Truck driver

Widow of Truck Driver Killed in Amtrak Collision Files Wrongful Death Lawsuit Over ‘Ultra-Dangerous’ Railroad Crossing

The widow of a man killed when the truck he was driving was hit by an Amtrak train this week filed a wrongful death lawsuit. In the suit, Erin Barton alleges that the Missouri crossing where Billy Dean Barton II died was “ultra-dangerous”, in part due to the defendants’ failure to maintain the intersection.

The first of the two defendants is Mariano Rodriguez, an official in the engineering department of the BNSF railroad. Rodriguez is responsible for ensuring “proper safety, inspection and maintenance” of crossings like the one near Mendon, the lawsuit says.

But the widow alleges he didn’t, citing the crossing’s “sight triangles”, an “excessively small crossing angle” and other deficiencies including “sloping approaches, brush, trees and vegetation blocking a full view of the approaching trains in some quadrants.” She said “the crossing surfaces were narrow, rough and poorly maintained”.

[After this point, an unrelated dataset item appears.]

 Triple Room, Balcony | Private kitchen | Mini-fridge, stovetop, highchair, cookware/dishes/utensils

A photo of the derailed Amtrak train in Missouri.

Ron Goulet

Additionally, the crossing had no “bells, gates or lights” to warn vehicles of an approaching train – there were only crossbucks or signs indicating the tracks were open. nearby, indicates the costume.

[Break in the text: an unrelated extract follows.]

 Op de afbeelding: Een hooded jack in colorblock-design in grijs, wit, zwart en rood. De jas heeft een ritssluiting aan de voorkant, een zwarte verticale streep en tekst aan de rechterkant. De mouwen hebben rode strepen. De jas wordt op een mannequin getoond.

“These conditions at the crossing created an ultra-dangerous crossing,” the suit reads, adding that the conditions had been like this for years.

The lawsuit cited the fact that it takes trains a long time – possibly up to a mile – to come to a complete stop. “This fact makes properly guarded, inspected and maintained level crossings essential for safety,” he says.

Given these alleged safety concerns, Rodriguez “knew or should have known that the Porch crossing posed a serious danger to the public,” the lawsuit said.

On June 27, those failures culminated in the fatal collision and derailment, according to the lawsuit. Erin Barton’s husband was driving a dump truck through the crossing and “did not see or hear the train coming with adequate warning to cross the tracks safely”.

The accident killed him and three other people on the train, which was carrying nearly 300 people from Los Angeles to Chicago. Many others were injured in the incident.

At least 3 dead in Amtrak train derailment


Erin Barton is seeking $25,000 and prejudgment interest for costs incurred in filing the lawsuit.

She is also suing Chariton County, Missouri, where the accident took place, for the same compensation. The lawsuit alleges the county failed in its duty to properly design, inspect and maintain its roads, including the crossing approaches. He says the county also violated several traffic standards.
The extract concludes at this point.